__WHAT TO WORK ON__: Every line below should be duplicated exactly.

[Data excerpts]
⁂

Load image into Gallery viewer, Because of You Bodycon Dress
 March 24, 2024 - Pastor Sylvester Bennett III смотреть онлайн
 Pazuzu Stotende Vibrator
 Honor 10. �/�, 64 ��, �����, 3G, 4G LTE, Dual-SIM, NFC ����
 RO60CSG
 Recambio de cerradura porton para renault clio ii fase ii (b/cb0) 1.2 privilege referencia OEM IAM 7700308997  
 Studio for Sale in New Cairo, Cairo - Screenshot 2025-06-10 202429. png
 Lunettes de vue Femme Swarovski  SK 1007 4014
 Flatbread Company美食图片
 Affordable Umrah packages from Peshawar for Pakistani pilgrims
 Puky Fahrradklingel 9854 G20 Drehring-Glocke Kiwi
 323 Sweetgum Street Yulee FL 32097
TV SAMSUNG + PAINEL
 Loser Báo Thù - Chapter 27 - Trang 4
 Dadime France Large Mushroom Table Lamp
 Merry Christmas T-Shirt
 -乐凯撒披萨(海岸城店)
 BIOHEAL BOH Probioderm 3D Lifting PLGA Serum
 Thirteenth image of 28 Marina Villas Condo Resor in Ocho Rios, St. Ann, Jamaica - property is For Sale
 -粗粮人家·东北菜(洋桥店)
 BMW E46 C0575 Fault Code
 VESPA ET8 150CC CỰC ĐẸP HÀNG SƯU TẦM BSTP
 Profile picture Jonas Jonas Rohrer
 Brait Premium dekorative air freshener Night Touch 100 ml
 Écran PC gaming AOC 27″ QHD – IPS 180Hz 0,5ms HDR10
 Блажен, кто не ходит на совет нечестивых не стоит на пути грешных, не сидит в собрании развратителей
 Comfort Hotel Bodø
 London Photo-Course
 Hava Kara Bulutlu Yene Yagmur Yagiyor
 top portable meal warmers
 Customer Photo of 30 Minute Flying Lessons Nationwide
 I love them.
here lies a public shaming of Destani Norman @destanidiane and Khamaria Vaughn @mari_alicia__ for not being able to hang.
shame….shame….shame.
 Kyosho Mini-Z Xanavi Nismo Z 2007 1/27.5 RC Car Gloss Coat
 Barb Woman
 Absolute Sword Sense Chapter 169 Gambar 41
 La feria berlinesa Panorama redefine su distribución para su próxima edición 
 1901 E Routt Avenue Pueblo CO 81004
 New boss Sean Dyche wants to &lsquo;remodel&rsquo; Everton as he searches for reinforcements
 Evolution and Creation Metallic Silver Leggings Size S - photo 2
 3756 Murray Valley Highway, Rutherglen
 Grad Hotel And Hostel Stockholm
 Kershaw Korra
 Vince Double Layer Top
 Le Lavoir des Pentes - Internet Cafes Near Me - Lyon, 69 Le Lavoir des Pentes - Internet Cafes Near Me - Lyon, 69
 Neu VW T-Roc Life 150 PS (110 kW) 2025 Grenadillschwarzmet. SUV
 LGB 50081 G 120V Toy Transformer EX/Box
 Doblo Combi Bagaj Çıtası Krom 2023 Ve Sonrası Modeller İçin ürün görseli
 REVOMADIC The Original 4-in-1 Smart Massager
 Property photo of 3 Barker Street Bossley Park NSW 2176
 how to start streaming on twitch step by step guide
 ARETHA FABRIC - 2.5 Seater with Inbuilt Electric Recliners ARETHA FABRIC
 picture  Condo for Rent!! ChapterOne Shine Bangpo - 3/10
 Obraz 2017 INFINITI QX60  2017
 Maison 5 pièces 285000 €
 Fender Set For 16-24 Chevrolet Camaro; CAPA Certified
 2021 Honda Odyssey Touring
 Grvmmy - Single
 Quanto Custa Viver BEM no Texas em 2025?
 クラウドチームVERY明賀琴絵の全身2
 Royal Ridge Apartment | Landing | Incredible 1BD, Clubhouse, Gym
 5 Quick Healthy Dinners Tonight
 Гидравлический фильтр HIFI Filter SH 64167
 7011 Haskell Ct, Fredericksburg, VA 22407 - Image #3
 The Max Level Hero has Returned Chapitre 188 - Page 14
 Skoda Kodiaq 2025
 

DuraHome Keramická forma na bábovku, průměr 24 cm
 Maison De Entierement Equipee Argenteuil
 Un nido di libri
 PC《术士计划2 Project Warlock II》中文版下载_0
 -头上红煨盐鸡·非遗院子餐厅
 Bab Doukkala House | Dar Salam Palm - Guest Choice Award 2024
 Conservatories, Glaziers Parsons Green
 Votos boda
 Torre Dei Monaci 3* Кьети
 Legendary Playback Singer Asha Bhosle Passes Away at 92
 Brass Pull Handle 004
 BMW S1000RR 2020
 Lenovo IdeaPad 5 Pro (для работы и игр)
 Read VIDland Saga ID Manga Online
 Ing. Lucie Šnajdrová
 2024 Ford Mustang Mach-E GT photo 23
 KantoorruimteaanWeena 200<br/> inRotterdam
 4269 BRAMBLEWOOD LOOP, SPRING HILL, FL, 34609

⁂

__EXERCISE OUTPUT__:
Load image into Gallery viewer, Because of You Bodycon Dress
 March 24, 2024 - Pastor Sylvester Bennett III смотреть онлайн
 Pazuzu Stotende Vibrator
 Honor 10. �/�, 64 ��, �����, 3G, 4G LTE, Dual-SIM, NFC ����
 RO60CSG
 Recambio de cerradura porton para renault clio ii fase ii (b/cb0) 1.2 privilege referencia OEM IAM 7700308997  
 Studio for Sale in New Cairo, Cairo - Screenshot 2025-06-10 202429. png
 Lunettes de vue Femme Swarovski  SK 1007 4014
 Flatbread Company美食图片
 Affordable Umrah packages from Peshawar for Pakistani pilgrims
 Puky Fahrradklingel 9854 G20 Drehring-Glocke Kiwi
 323 Sweetgum Street Yulee FL 32097
TV SAMSUNG + PAINEL
 Loser Báo Thù - Chapter 27 - Trang 4
 Dadime France Large Mushroom Table Lamp
 Merry Christmas T-Shirt
 -乐凯撒披萨(海岸城店)
 BIOHEAL BOH Probioderm 3D Lifting PLGA Serum
 Thirteenth image of 28 Marina Villas Condo Resor in Ocho Rios, St. Ann, Jamaica - property is For Sale
 -粗粮人家·东北菜(洋桥店)
 BMW E46 C0575 Fault Code
 VESPA ET8 150CC CỰC ĐẸP HÀNG SƯU TẦM BSTP
 Profile picture Jonas Jonas Rohrer
 Brait Premium dekorative air freshener Night Touch 100 ml
 Écran PC gaming AOC 27″ QHD – IPS 180Hz 0,5ms HDR10
 Блажен, кто не ходит на совет нечестивых не стоит на пути грешных, не сидит в собрании развратителей
 Comfort Hotel Bodø
 London Photo-Course
 Hava Kara Bulutlu Yene Yagmur Yagiyor
 top portable meal warmers
 Customer Photo of 30 Minute Flying Lessons Nationwide
 I love them.
here lies a public shaming of Destani Norman @destanidiane and Khamaria Vaughn @mari_alicia__ for not being able to hang.
shame….shame….shame.
 Kyosho Mini-Z Xanavi Nismo Z 2007 1/27.5 RC Car Gloss Coat
 Barb Woman
 Absolute Sword Sense Chapter 169 Gambar 41
 La feria berlinesa Panorama redefine su distribución para su próxima edición 
 1901 E Routt Avenue Pueblo CO 81004
 New boss Sean Dyche wants to &lsquo;remodel&rsquo; Everton as he searches for reinforcements
 Evolution and Creation Metallic Silver Leggings Size S - photo 2
 3756 Murray Valley Highway, Rutherglen
 Grad Hotel And Hostel Stockholm
 Kershaw Korra
 Vince Double Layer Top
 Le Lavoir des Pentes - Internet Cafes Near Me - Lyon, 69 Le Lavoir des Pentes - Internet Cafes Near Me - Lyon, 69
 Neu VW T-Roc Life 150 PS (110 kW) 2025 Grenadillschwarzmet. SUV
 LGB 50081 G 120V Toy Transformer EX/Box
 Doblo Combi Bagaj Çıtası Krom 2023 Ve Sonrası Modeller İçin ürün görseli
 REVOMADIC The Original 4-in-1 Smart Massager
 Property photo of 3 Barker Street Bossley Park NSW 2176
 how to start streaming on twitch step by step guide
 ARETHA FABRIC - 2.5 Seater with Inbuilt Electric Recliners ARETHA FABRIC
 picture  Condo for Rent!! ChapterOne Shine Bangpo - 3/10
 Obraz 2017 INFINITI QX60  2017
 Maison 5 pièces 285000 €
 Fender Set For 16-24 Chevrolet Camaro; CAPA Certified
 2021 Honda Odyssey Touring
 Grvmmy - Single
 Quanto Custa Viver BEM no Texas em 2025?
 クラウドチームVERY明賀琴絵の全身2
 Royal Ridge Apartment | Landing | Incredible 1BD, Clubhouse, Gym
 5 Quick Healthy Dinners Tonight
 Гидравлический фильтр HIFI Filter SH 64167
 7011 Haskell Ct, Fredericksburg, VA 22407 - Image #3
 The Max Level Hero has Returned Chapitre 188 - Page 14
 Skoda Kodiaq 2025
 

DuraHome Keramická forma na bábovku, průměr 24 cm
 Maison De Entierement Equipee Argenteuil
 Un nido di libri
 PC《术士计划2 Project Warlock II》中文版下载_0
 -头上红煨盐鸡·非遗院子餐厅
 Bab Doukkala House | Dar Salam Palm - Guest Choice Award 2024
 Conservatories, Glaziers Parsons Green
 Votos boda
 Torre Dei Monaci 3* Кьети
 Legendary Playback Singer Asha Bhosle Passes Away at 92
 Brass Pull Handle 004
 BMW S1000RR 2020
 Lenovo IdeaPad 5 Pro (для работы и игр)
 Read VIDland Saga ID Manga Online
 Ing. Lucie Šnajdrová
 2024 Ford Mustang Mach-E GT photo 23
 KantoorruimteaanWeena 200<br/> inRotterdam
 4269 BRAMBLEWOOD LOOP, SPRING HILL, FL, 34609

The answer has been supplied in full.